Please return every line of the records below that contains the word "Shirt".

[Start of Attachment]

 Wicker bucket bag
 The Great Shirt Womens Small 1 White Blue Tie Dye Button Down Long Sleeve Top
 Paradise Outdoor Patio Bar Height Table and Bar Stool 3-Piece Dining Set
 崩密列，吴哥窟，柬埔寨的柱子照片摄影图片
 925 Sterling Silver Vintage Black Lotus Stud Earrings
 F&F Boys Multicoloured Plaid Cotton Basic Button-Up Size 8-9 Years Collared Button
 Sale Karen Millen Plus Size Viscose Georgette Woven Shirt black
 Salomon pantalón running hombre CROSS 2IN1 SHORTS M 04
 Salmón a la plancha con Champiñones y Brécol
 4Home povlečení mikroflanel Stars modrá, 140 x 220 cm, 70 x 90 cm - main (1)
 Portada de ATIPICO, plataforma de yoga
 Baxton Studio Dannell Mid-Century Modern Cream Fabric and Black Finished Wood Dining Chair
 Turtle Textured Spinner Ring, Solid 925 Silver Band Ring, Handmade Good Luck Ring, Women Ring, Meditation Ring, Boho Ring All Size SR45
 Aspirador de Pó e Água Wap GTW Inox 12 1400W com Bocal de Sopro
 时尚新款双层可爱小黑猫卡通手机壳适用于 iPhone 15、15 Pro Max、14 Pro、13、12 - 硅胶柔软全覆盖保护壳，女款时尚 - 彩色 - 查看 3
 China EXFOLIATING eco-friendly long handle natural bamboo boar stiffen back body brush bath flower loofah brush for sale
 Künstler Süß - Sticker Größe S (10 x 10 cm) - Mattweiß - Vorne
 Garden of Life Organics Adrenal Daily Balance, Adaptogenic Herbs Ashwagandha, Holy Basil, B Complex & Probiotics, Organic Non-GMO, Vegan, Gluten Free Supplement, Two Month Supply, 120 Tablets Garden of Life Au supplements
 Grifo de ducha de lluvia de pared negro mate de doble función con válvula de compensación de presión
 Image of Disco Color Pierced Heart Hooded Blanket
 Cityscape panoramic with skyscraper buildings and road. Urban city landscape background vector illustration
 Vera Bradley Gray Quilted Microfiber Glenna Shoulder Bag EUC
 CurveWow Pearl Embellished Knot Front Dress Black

[End of Attachment]

• RESPONSE TO THE EXERCISE:
 The Great Shirt Womens Small 1 White Blue Tie Dye Button Down Long Sleeve Top
 Sale Karen Millen Plus Size Viscose Georgette Woven Shirt black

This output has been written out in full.